**How to complete this task**
Where the data below shows a picture, leave that picture out and copy the rest exactly.

##### Exercise data

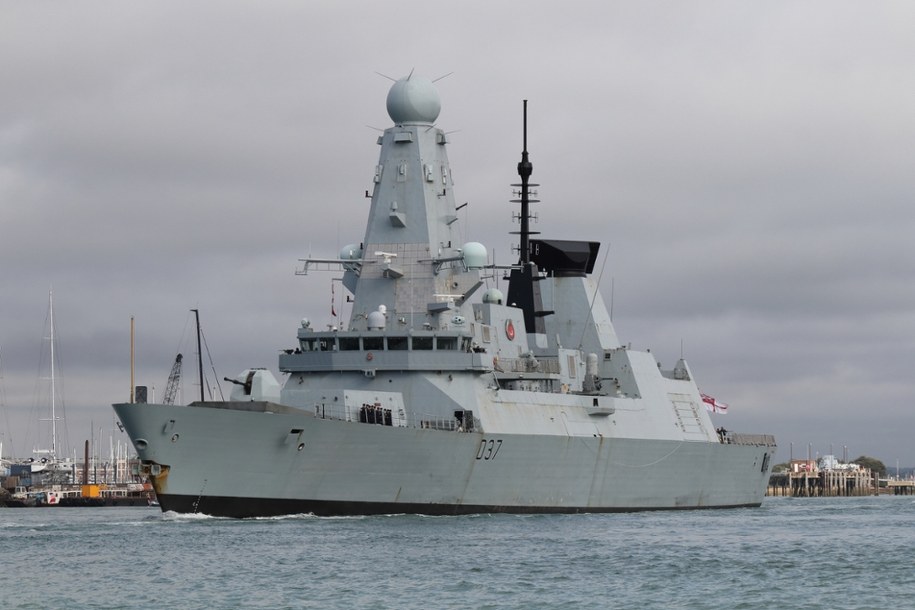 Media: Wielka Brytania wyśle na Cypr niszczyciel rakietowy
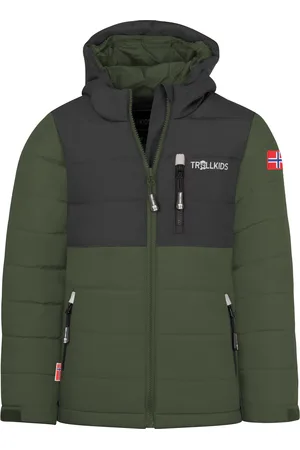 TROLLKIDS Skijacke »KIDS HEMSEDAL SNOW JACKET XT«, mit Kapuze, Winterjacke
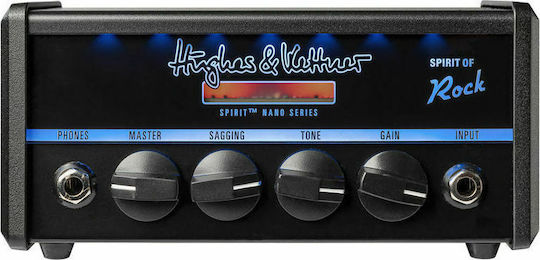 Hughes & Kettner Spirit of Rock Усилвател за глава Електрическа китара 50W Черен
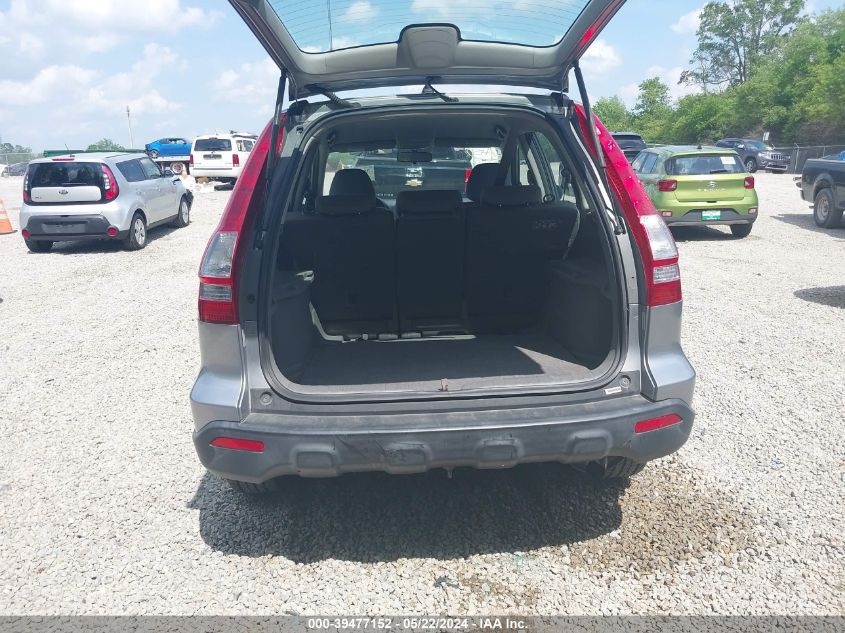 2008 Honda Cr-V Lx VIN: JHLRE38398C058498 Lot: 39477152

##########

**Exercise output**
 Media: Wielka Brytania wyśle na Cypr niszczyciel rakietowy
 TROLLKIDS Skijacke »KIDS HEMSEDAL SNOW JACKET XT«, mit Kapuze, Winterjacke
 Hughes & Kettner Spirit of Rock Усилвател за глава Електрическа китара 50W Черен
 2008 Honda Cr-V Lx VIN: JHLRE38398C058498 Lot: 39477152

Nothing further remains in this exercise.